In return for big cheques, American donors have traditionally expected Ambassadorships and similar prestige jobs. In American usage, Ambassadors keep their title on retirement, so it has all the social appurtenances of a life peerage. But they all expect results, as when a few hundred thousand dollars from a Cuban American magnate got Clinton to sign on for tightening the embargo, a few million from Hollywood got his government to fight the Germans on behalf of the Scientologists, and half a million from a banana magnate bought a trade war with the European Union.

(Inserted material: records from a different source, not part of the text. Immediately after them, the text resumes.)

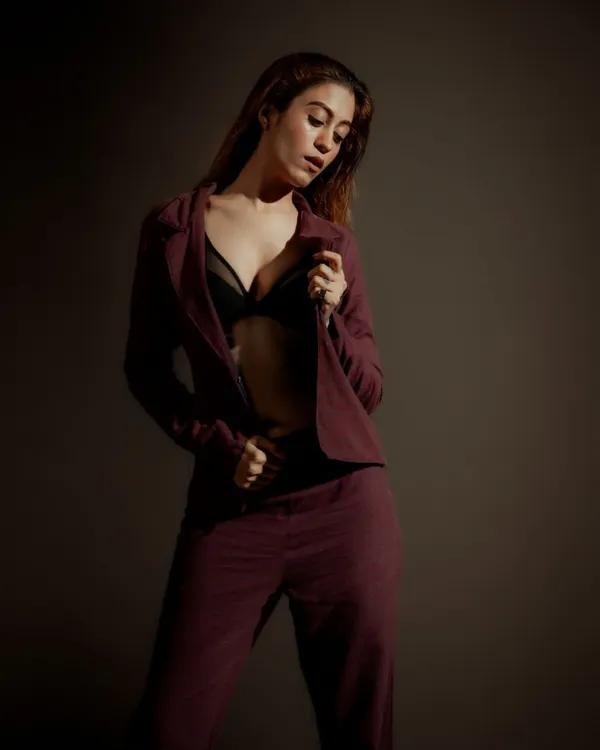 A moody, low-key portrait focusing on form and texture. The lighting is shaped to highlight the model's pose and the fabric of the suit, creating a sense of quiet confidence.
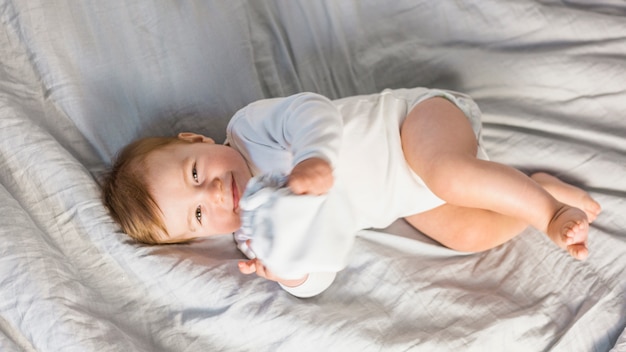 Free photo top view cute blonde baby in white bed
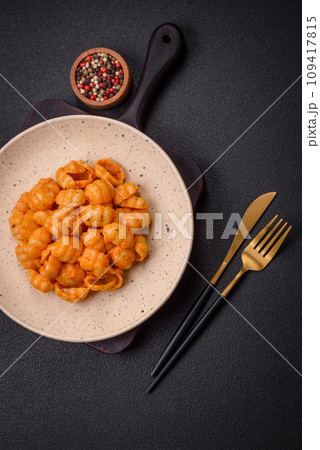 Delicious fresh pasta with pesto sauce, salt, spices and herbs on a ceramic plate 109417815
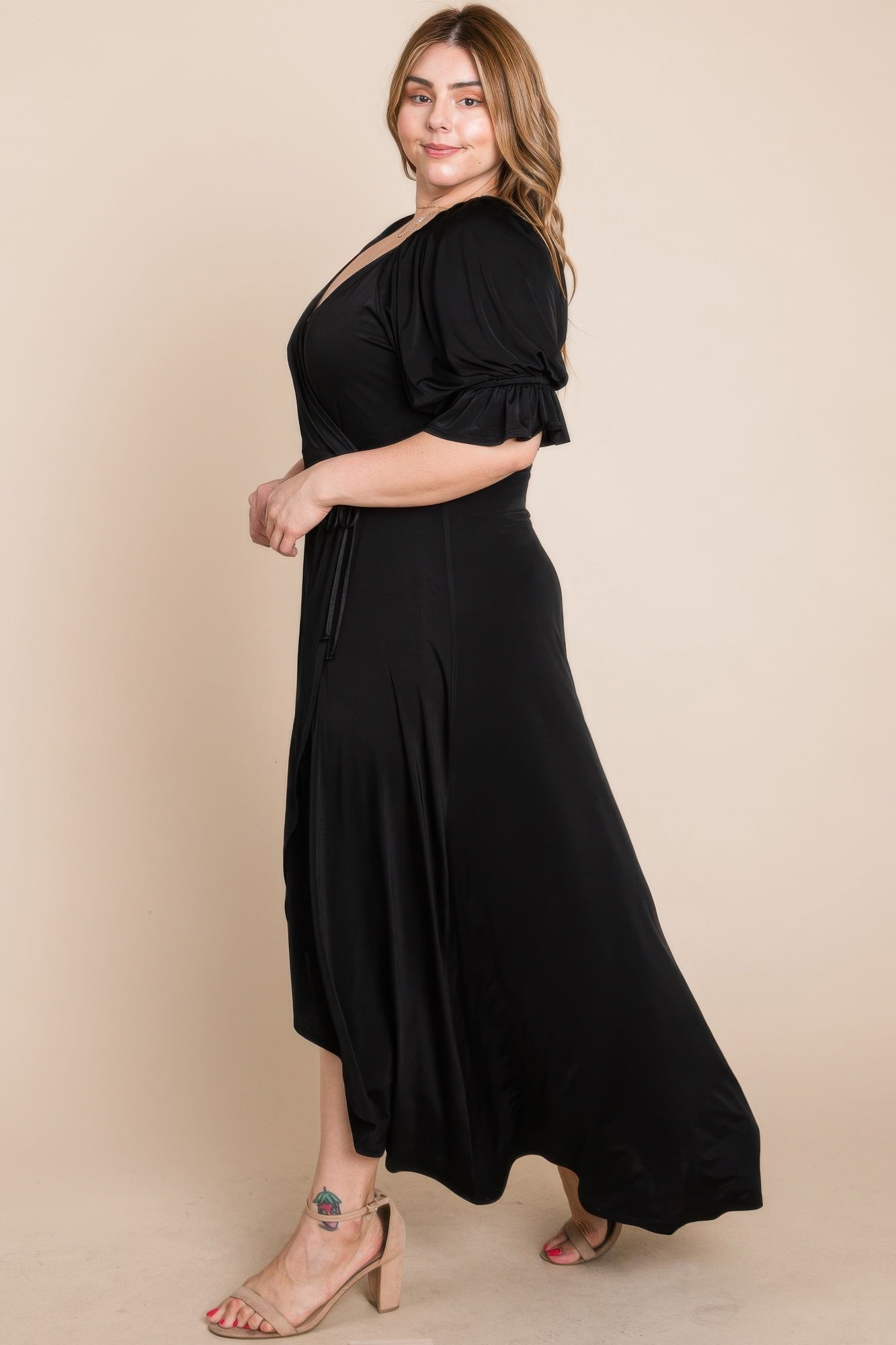 Side view of black faux wrap maxi dress with puff sleeves and tie waist
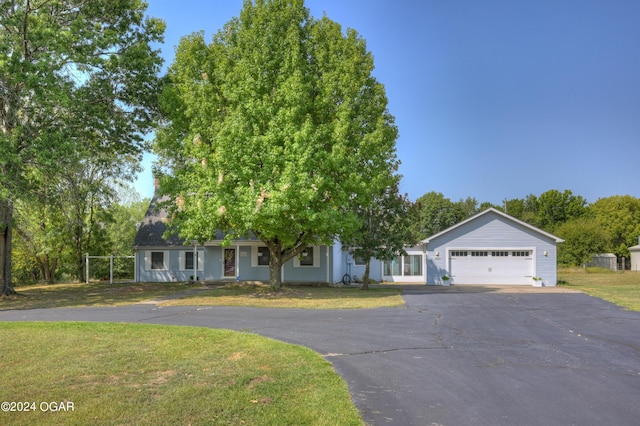 9825 County Rd 215, Webb City, MO 64870 - view of front of home featuring driveway, a front yard, and an attached garage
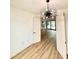 Bright entryway with chandelier and view into living area at 225 Tournament Rd, Rotonda West, FL 33947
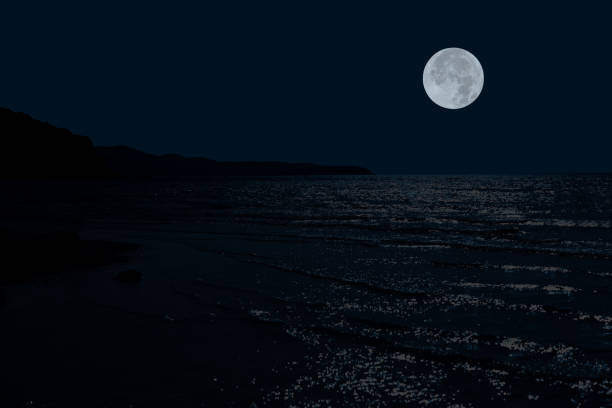 istock Full moon on sky over sea in the night. 2148840355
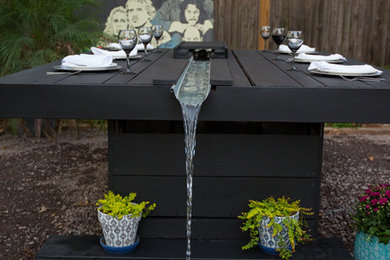 Inspiration for a small modern partial sun backyard gravel water fountain landscape in DC Metro.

The basis for the donor-driven politics of America is the primary election, where ambitious individuals raise money to win elections to win the candidacy for political parties. Originally the primaries were intended to rescue politics from the smoke-filled rooms of Tammany Hall. They have now taken it into halls of luxury hotels and very expensive fund raising dinners. Effectively, there is no membership of political party in any sense that anyone in Britain would have recognized ten years ago.
But now, what you see in Britain is what we had already got here in the States: dwindling party rolls as members decide that a party leadership that seems to pay no attention to what they want is not really worthwhile spending money or time on; alienated unions being sent to the tradesman's entrance of Number Ten while the more piratical captains of industry get the red carpet treatment at the front.
The resemblances go even deeper. Blair originally won his leadership campaign, the closest thing to a primary the Labour Party had ever had, with an expensive campaign paid for by a wealthy individual with little or no previous connection to the Party. And now, along with a peerage, Michael Levy is the financial engineer behind his client Tony Blair's bid for financial independence from the unions, not to mention a key determinant in Britain's Middle East policy. At least Levy's son in Israel is anti-Likud, but British policy has been more tolerant of Sharon's excesses than, shall we say, Robin Cook would ever have countenanced.
There is a strong case for entrepreneurs and business people sending money to the Labour Party. Labour is better for the economy than Thatcherism, and there is a long tradition of millionaires supporting the party, even if the first name that springs to mind, Robert Maxwell, evokes caution more than applause.
Several of the recent donors say they were told to keep their loans quiet, which suggests that Clintonian reasons were paramount. Like Clinton, Blair was wrestling with the problem of how to finance an election when so many of his autocratically decided policies ran counter to the principles of the traditional members and supporters of the party. He had already attenuated the Labour Conference from a decision making body to an American style convention, a circus to endorse and showcase the winner of the expensive primary election for Party leadership. Party branches were overtly encouraged to go into hibernation.
But the members were voting with their feet ad dropping out. Unions were finding better uses for their political funds than supporting a leadership that regarded them with a baleful Thatcherite glare and which actually boasted of having the most regressive labour laws in Europe. Hence a secret slush fund and with a leap and bound, Tony was free, free to ignore his own party on Iraq, education, and all of his other innovations.
However, there is a price for this. If the first stage, the party organization, is jettisoned during the launch of the Blair fan club into political orbit, what does it leave for his successor? One answer would be state funding, which would perpetuate the current leadership's independence from the party's electoral base, at least until the Tories get their act together.
Big cheques, whether from government or millionaires, are not conducive to grass roots democracy, nor to grassroots activism of the kind needed to rebuild Labour's base. It would be interesting to hear what aspirant party leaders have to say about rebuilding the party. If members are to be involved in the choice of the next leader, and in the next election, it would be useful if promising candidates started persuading disgusted former members to return, not least by promising to listen to them.